Tech Sell-Off Creates a Buying Opportunity in This AI Lending Stock?

Tech Sell-Off Creates a Buying Opportunity in This AI Lending Stock?
Published on: Feb 17, 2026

The tech sector’s rough patch continues. Growth stocks, including the so-called “Magnificent Seven,” have remained under pressure in recent months as investors reassess lofty valuations and the real-world impact of artificial intelligence on future earnings. The Nasdaq Composite now sits roughly 5% to 6% below its recent highs, and some portfolio managers are warning that a deeper correction could still be ahead after years of tech-led gains.

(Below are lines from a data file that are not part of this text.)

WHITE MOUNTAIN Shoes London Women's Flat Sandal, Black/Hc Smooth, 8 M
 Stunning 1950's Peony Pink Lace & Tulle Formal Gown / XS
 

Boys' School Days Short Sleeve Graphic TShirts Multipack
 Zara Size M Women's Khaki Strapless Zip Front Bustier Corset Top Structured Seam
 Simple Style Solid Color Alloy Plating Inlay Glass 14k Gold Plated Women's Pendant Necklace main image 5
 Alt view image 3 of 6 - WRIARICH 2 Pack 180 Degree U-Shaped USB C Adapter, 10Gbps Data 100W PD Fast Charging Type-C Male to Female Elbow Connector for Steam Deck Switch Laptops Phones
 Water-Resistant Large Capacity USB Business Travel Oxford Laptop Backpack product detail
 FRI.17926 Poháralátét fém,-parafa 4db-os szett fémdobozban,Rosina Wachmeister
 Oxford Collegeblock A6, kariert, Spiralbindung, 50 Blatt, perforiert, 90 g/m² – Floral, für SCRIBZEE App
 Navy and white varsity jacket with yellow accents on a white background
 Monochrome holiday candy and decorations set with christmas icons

Several fund managers have already boosted cash positions to over 30% as they wait for more attractive entry points.

But amid the broad sell-off, one fintech name is quietly catching the attention of contrarian investors who see a disconnect between its battered stock price and resilient business fundamentals: Upstart Holdings (UPST).

Challenging FICO with 2,500 Data Points

For more than three decades, U.S. banks have relied on Fair Isaac’s FICO score to assess loan applicants’ creditworthiness. The system considers five main factors, including repayment history and existing debt — a straightforward but potentially oversimplified approach that may cause lenders to pass over creditworthy customers.

Upstart believes it has a better way. The company developed an AI-powered algorithm that, with applicants’ permission, rapidly analyzes over 2,500 data points — including non-traditional variables like education background and employment history — to generate a more precise assessment of repayment ability.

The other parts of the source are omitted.